Tutorial 11 - SED & AWK
Revision as of 12:55, 14 November 2021 by Jason Michael Carman (talk | contribs) (→INVESTIGATION 1: USING THE SED UTILITY)
Content under development
Contents
USING SED & AWK UTILTIES
Main Objectives of this Practice Tutorial
- Use the sed command to manipulate text contained in a file.
- List and explain several addresses and instructions associated with the sed command.
- Use the sed command as a filter with Linux pipeline commands.
- Use the awk command to manipulate text contained in a file.
- List and explain comparison operators, variables and actions associated with the awk command.
- Use the awk command as a filter with Linux pipeline commands.
Tutorial Reference Material
Course Notes |
Linux Command/Shortcut Reference | ||
Course Notes:
|
Text Manipulation | Commands
|
KEY CONCEPTS
Using the sed Utility
Usage:
Syntax: sed [-n] 'address instruction' filename
How it Works:
- The sed command reads all lines in the input file and will be exposed to the expression
(i.e. area contained within quotes) one line at a time. - The expression can be within single quotes or double quotes.
- The expression contains an address (match condition) and an instruction (operation).
- If the line matches the address, then it will perform the instruction.
- Lines will display be default unless the –n option is used to suppress default display
Address:
- Can use a line number, to select a specific line (for example: 5)
- Can specify a range of line numbers (for example: 5,7)
- Regular expressions are contained within forward slashes (e.g. /regular-expression/)
- Can specify a regular expression to select all lines that match a pattern (e.g /^[0-9].*[0-9]$/)
- If NO address is present, the instruction will apply to ALL lines
Instruction:
- Action to take for matched line(s)
- Refer to table on right-side for list of some
common instructions and their purpose
Using the awk Utility
Usage:
awk [-F] 'selection-criteria {action}’ file-name
How It Works:
- The awk command reads all lines in the input file and will be exposed to the expression (contained within quotes) for processing.
- The expression (contained in quotes) represents selection criteria, and action to execute contained within braces {}
- if selection criteria is matched, then action (between braces) is executed.
- The –F option can be used to specify the default field delimiter (separator) character
eg. awk –F”;” (would indicate a semi-colon delimited input file).
Selection Criteria
- You can use a regular expression, enclosed within slashes, as a pattern.

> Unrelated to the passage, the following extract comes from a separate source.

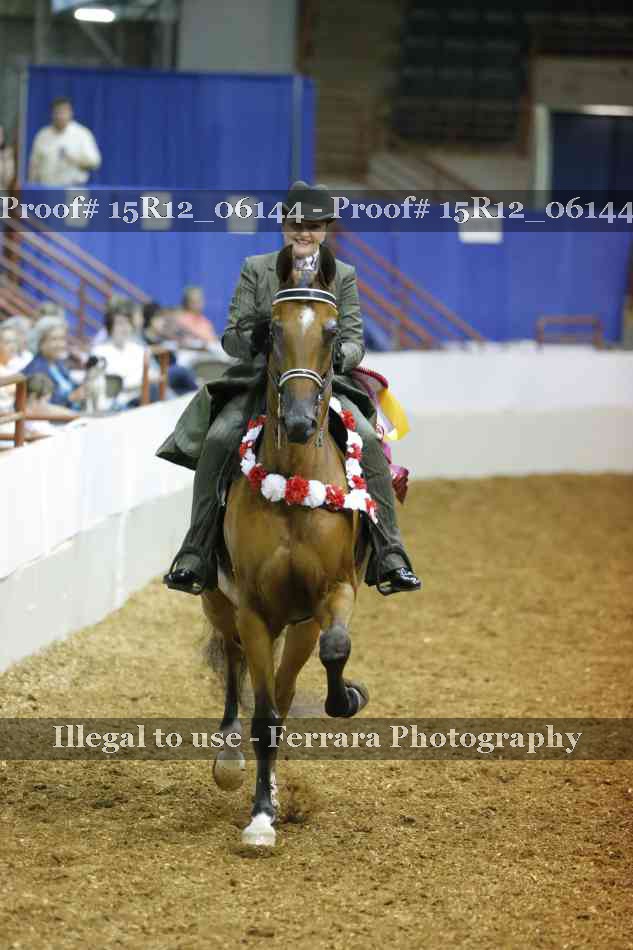 Proof Number 15R12_06144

For example: /pattern/
- The ~ operator tests whether a field or variable matches a regular expression. For example: $1 ~ /^[0-9]/
- The !~ operator tests for no match. For example: $2 !~ /line/
- You can perform both numeric and string comparisons using relational operators ( > , >= , < , <= , == , != ).
- You can combine any of the patterns using the Boolean operators || (OR) and && (AND).
- You can use built-in variables (like NR or "record number" representing line number) with comparison operators.
For example: NR >=1 && NR <= 5
Action (execution):
- Action to be executed is contained within braces {}
- The print command can be used to display text (fields).
- You can use parameters which represent fields within records (lines) within the expression of the awk utility.
- The parameter $0 represents all of the fields contained in the record (line).
- The parameters $1, $2, $3 … $9 represent the first, second and third to the 9th fields contained within the record.
- Parameters greater than nine requires the value of the parameter to be placed within braces (for example: ${10},${11},${12}, etc.)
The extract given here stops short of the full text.